In the listing below, print exactly the lines between the line holding "halloween skull pumpkin" and the line holding "Unique Custom Name, Rank", inclusive, and no more.

> [The input]
────────

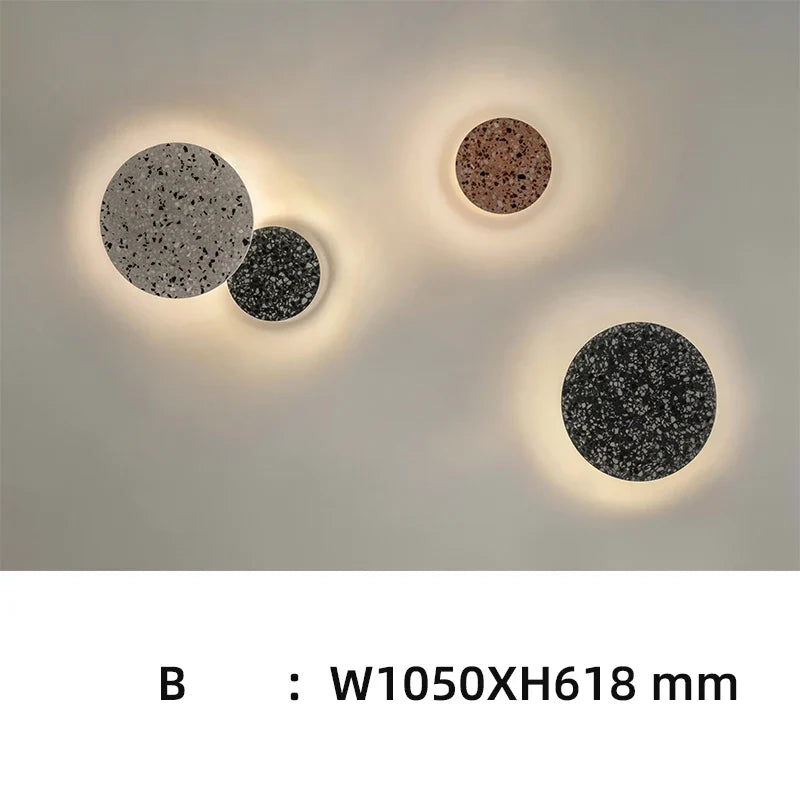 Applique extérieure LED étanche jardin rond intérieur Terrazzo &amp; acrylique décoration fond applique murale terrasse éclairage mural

────────

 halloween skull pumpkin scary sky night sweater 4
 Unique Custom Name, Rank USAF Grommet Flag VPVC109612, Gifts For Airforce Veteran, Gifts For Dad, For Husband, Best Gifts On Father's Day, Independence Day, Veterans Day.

────────

> [Answer box]
 halloween skull pumpkin scary sky night sweater 4
 Unique Custom Name, Rank USAF Grommet Flag VPVC109612, Gifts For Airforce Veteran, Gifts For Dad, For Husband, Best Gifts On Father's Day, Independence Day, Veterans Day.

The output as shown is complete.